"""

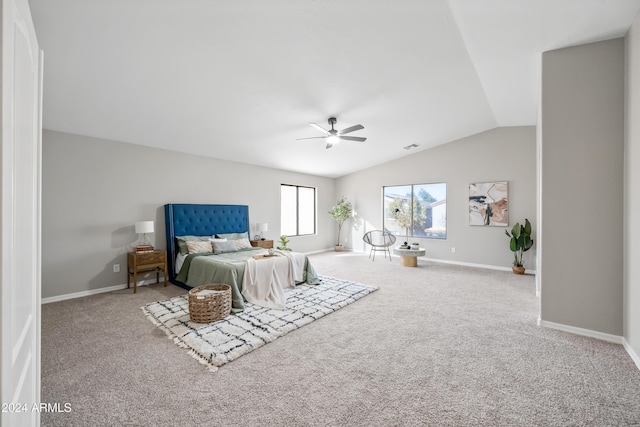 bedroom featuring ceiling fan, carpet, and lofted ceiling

"""
"""

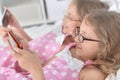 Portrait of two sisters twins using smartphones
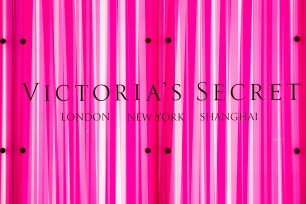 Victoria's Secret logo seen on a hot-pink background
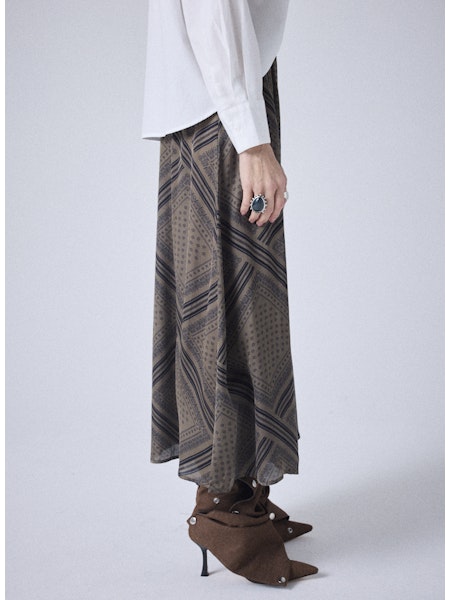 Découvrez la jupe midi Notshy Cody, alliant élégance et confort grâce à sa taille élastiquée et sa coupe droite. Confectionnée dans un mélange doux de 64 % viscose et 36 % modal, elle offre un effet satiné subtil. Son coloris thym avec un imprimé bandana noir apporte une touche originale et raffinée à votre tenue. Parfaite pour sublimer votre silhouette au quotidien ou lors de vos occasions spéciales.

"""

| Activity |
Write out word for word the lines above that run from the one with "Portrait of two" to the one with "Découvrez la jupe". Include both end lines; exclude the images.

| Answer below |
 Portrait of two sisters twins using smartphones
 Victoria's Secret logo seen on a hot-pink background
 Découvrez la jupe midi Notshy Cody, alliant élégance et confort grâce à sa taille élastiquée et sa coupe droite. Confectionnée dans un mélange doux de 64 % viscose et 36 % modal, elle offre un effet satiné subtil. Son coloris thym avec un imprimé bandana noir apporte une touche originale et raffinée à votre tenue. Parfaite pour sublimer votre silhouette au quotidien ou lors de vos occasions spéciales.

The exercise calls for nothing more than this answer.